By EDUARDO PAZ-MARTINEZ

SAN BENITO, Texas | Hey, we're hip. Run around the Rio Grande Valley and be told everything is "historic" - even plain ol' downtown streets.

This from waz zappenin' San Benito: [ Picture with San Benito Mayor Ricardo "Rick" Guerra during Market Days on Historic Robertson Street. ]

The mayor is the one in the flowing yellow shirt and faddish tennis shoes in the photo above.

What's historic about Robertson Street? Nothing much, other than that it's been downtown since they laid it down. No, we're not being mean. Just factual, you might say. But we get it: everything can be "historic" in the Valley if we just say so. Weird, but true.

Just because a street or building is old does NOT make it "historic".

Hey, listen up: Something significant and memorable has to be associated with whatever is designated as "historic". We couldn't find any references to Robertson Street reaching that threshold. It's there, like most city and town streets, being used and sort of maintained by local government. Who is it named after - the western actor Dale Robertson? As my old pal Melissa Zamora might about here: "Quien sobby?"

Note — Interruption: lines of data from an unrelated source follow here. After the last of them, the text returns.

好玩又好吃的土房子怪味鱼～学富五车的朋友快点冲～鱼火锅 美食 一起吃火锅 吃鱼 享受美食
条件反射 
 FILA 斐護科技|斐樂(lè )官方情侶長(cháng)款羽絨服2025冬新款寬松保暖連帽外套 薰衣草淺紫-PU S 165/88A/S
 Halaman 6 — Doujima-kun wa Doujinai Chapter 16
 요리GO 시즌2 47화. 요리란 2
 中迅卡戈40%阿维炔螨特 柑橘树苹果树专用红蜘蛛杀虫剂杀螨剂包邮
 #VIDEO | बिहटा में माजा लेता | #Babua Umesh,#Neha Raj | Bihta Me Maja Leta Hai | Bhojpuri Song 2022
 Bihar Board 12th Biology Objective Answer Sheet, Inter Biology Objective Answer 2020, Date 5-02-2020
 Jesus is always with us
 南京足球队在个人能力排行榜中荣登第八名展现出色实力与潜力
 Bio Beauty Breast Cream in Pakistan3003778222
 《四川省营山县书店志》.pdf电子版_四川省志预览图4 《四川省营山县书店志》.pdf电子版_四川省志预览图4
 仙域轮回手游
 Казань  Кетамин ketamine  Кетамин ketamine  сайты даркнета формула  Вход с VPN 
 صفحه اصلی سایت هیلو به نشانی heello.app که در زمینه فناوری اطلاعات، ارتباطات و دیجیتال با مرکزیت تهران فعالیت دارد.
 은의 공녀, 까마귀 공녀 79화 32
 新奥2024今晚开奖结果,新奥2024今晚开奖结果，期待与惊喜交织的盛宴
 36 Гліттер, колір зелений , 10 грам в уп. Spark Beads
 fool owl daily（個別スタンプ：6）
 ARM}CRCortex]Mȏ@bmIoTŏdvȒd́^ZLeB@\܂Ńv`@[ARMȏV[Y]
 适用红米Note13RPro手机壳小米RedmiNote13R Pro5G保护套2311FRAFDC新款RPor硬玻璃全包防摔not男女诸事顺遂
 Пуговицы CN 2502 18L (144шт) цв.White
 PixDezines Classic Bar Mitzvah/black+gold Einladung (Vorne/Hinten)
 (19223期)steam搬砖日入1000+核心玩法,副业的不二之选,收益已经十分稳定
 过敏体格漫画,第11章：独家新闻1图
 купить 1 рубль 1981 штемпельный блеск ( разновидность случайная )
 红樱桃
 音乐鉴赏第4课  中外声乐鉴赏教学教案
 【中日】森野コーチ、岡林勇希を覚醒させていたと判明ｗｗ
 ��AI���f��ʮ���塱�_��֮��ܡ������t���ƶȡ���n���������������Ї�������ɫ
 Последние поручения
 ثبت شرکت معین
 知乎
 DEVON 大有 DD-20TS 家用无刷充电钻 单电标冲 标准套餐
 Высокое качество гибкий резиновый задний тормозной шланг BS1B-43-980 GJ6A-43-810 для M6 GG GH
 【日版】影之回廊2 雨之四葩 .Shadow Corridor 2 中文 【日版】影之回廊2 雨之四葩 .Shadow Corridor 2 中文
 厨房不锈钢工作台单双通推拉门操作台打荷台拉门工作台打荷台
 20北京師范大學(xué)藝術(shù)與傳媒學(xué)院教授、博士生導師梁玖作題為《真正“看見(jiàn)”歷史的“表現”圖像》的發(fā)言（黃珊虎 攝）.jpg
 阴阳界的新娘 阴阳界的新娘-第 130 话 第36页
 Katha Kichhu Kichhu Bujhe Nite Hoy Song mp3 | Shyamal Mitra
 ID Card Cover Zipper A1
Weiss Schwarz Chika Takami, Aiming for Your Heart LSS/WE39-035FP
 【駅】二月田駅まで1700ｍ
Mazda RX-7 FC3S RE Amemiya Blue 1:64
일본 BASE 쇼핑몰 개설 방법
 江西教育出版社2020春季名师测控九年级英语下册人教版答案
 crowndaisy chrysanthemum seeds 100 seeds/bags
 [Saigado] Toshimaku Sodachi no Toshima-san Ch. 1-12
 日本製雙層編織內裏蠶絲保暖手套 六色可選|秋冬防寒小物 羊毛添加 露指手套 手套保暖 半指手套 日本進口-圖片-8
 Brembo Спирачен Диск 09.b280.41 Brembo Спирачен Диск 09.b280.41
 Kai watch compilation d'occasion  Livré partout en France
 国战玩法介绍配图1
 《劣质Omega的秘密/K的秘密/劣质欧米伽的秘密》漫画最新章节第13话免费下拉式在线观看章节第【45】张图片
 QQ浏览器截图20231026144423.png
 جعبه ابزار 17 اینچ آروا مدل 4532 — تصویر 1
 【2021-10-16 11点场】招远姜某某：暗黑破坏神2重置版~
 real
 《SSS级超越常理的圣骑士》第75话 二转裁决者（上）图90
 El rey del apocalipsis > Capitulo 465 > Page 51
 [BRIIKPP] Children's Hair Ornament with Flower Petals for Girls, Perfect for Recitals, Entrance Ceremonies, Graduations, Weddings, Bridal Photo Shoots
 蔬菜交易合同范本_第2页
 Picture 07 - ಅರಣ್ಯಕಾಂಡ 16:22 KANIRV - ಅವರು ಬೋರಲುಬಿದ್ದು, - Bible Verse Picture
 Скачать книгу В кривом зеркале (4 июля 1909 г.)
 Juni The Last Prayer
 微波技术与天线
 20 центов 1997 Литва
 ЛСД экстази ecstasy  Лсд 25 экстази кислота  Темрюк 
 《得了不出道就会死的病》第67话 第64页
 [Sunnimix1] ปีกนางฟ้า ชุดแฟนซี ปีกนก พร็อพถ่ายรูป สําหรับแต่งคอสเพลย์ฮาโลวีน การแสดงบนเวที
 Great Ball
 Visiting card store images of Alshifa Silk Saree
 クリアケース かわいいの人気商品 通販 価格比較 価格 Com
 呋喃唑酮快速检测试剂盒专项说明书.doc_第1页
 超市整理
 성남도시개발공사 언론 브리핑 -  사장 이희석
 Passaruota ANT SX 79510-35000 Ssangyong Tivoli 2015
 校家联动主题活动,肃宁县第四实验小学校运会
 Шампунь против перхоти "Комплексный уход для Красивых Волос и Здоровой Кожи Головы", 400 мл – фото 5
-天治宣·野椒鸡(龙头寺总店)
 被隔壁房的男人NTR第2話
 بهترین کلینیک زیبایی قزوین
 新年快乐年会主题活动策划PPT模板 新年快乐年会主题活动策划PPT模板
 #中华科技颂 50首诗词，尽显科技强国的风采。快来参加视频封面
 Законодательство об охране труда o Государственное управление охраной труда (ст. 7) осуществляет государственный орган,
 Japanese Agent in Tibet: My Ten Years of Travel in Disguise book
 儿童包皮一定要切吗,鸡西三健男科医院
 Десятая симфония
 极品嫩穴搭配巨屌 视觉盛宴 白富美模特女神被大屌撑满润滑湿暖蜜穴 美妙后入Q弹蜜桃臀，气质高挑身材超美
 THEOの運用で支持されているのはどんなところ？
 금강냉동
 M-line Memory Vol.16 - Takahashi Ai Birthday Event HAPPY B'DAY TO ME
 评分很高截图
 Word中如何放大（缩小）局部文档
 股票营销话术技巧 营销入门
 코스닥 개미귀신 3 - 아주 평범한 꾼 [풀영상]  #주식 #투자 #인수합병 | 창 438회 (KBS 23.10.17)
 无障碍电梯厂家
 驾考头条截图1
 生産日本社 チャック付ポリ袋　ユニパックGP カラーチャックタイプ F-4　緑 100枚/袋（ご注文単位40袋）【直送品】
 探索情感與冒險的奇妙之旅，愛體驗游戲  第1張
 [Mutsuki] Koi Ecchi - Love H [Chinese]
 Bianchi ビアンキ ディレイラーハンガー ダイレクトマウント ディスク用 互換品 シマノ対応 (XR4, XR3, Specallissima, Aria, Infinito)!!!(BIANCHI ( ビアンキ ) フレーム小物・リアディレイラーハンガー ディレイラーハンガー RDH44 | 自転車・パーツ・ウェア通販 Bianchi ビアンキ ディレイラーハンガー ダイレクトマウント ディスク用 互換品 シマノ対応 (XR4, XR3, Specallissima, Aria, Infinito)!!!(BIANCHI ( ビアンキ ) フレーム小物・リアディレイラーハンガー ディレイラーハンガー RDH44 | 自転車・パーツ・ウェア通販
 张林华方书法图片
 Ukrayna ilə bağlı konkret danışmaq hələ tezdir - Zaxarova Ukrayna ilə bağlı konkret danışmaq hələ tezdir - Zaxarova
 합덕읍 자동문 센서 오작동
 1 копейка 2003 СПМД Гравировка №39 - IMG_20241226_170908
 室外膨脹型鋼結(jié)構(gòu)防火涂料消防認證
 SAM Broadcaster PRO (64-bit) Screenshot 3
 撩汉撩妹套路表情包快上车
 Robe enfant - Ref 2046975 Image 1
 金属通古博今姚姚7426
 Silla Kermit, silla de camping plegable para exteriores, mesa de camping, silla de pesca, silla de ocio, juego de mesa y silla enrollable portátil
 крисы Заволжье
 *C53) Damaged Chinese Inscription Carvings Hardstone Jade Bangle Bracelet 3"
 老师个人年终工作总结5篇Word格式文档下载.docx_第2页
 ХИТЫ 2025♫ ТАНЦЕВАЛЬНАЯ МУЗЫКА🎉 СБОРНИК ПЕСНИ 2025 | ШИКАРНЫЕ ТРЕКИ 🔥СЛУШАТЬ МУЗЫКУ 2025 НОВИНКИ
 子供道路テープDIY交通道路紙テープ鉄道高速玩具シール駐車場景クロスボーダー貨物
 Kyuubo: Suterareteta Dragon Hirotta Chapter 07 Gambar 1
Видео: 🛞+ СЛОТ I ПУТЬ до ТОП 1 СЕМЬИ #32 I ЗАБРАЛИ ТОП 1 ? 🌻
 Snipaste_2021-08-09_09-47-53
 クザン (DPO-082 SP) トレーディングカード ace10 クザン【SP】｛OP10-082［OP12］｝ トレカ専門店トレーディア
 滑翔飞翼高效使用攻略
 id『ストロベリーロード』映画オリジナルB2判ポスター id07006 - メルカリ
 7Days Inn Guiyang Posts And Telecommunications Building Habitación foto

It's just an odd quirk pretty much full-across the RGV.

McAllen has its Cine El Rey on boozy 17th Street. It's been right there seemingly forever. Is it "historic"? Not really. Simply being kept in use and still the scene of popular events does NOT make it "historic". It's nice that someone has decided not to bulldoze it, 'cause the facade is actually cool in its border architectural simplicity.

Harlingen has Las Cazuelas Restaurant (see photo below), a favorite of mine when in Cardinal Country. Its exterior is old and has not exactly been touched-up, but is it "historic"? I say, NO.

Historic for any Valley building would be if some major celebrity, like a president, dropped in and said or did something extraordinary, like if President Franklin D. Roosevelt had made his declaration of war against Japan ahead of World War II, say, at El Jardin Hotel in Brownsville.

Nothing like that has ever happened anywhere in the magic valley.

You could almost hear it, had it happened:

"Oye, Juan, que es eso - infami?"

"Ees how the date will live, ese"

Yeah.

Folks in the RGV should be a bit more conservative when declaring anything "historic," as, well, it does diminish that which actually is...

-30-

4 comments:

  1. Bro, I had a historical date in the balcony of the Capitol Theater in Brownsville back in the day. It recently collapsed, but my memory lives on. Really.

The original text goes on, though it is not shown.